[Stored records]
------------------------------------------------

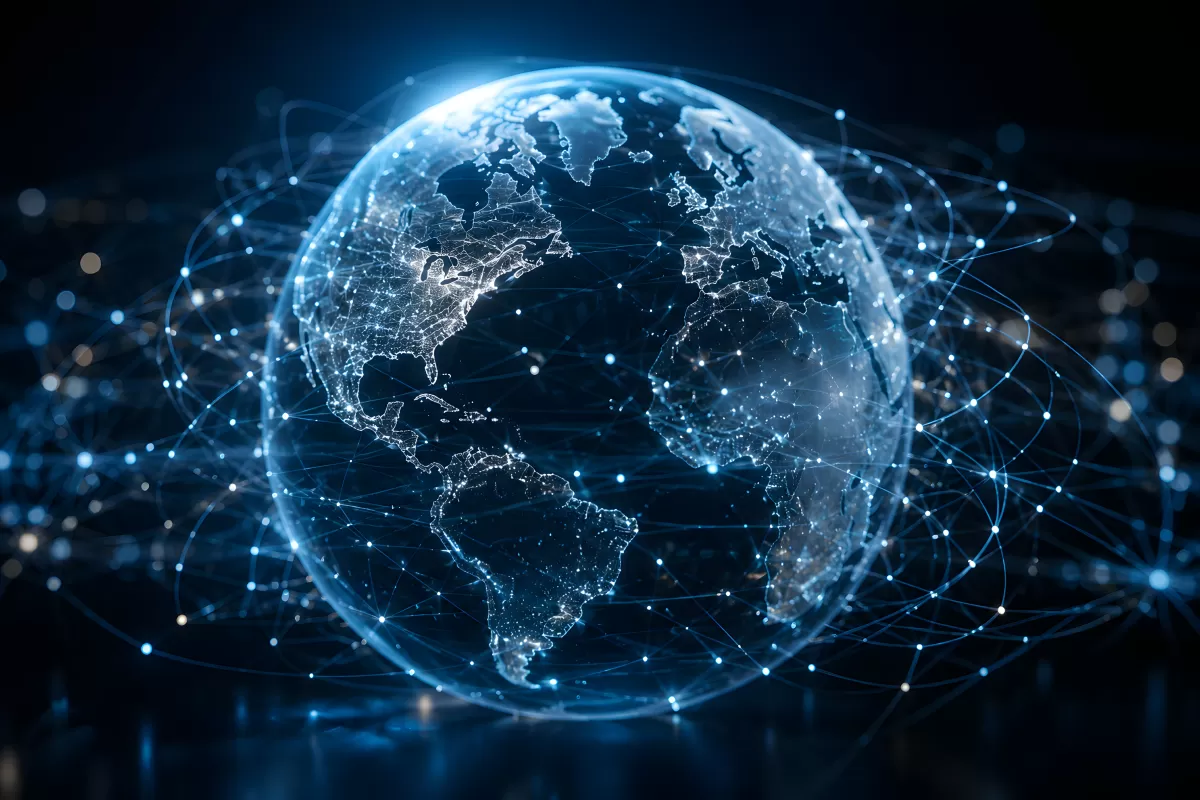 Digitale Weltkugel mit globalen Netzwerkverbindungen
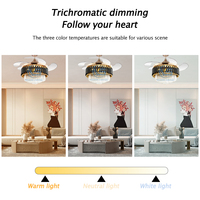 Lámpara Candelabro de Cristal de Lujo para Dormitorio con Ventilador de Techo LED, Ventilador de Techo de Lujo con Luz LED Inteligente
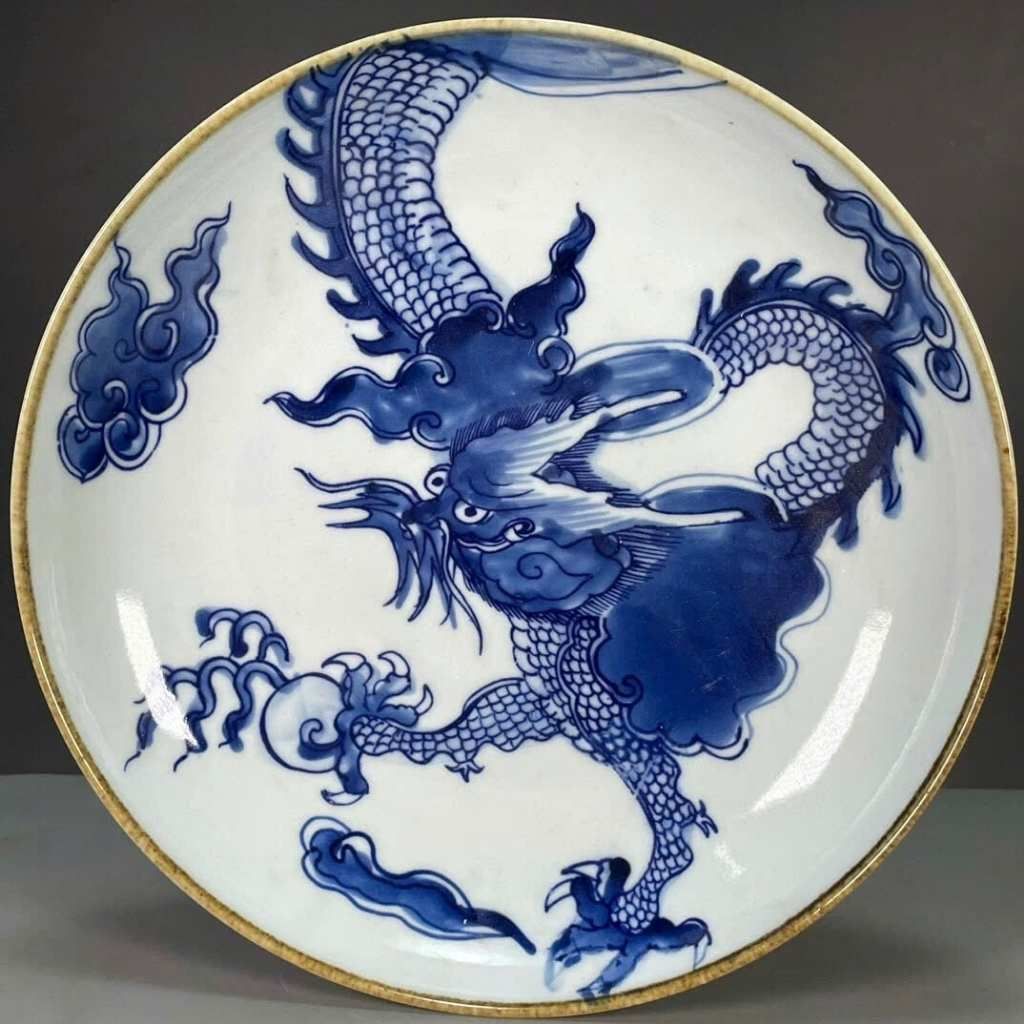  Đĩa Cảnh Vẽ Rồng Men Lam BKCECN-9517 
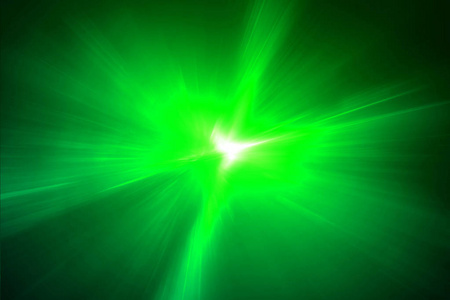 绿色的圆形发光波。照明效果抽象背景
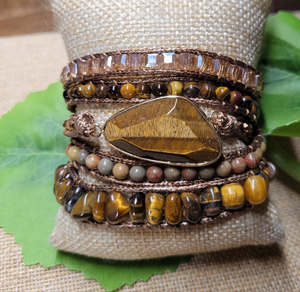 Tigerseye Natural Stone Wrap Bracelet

------------------------------------------------

* WORK TO BE COMPLETED *
Find the line holding "绿色的圆形发光波。照明效果抽象背景" in the data above. Retype it and every later line exactly, through the end, but not the pictures.

* FINISHED TASK *
 绿色的圆形发光波。照明效果抽象背景
 Tigerseye Natural Stone Wrap Bracelet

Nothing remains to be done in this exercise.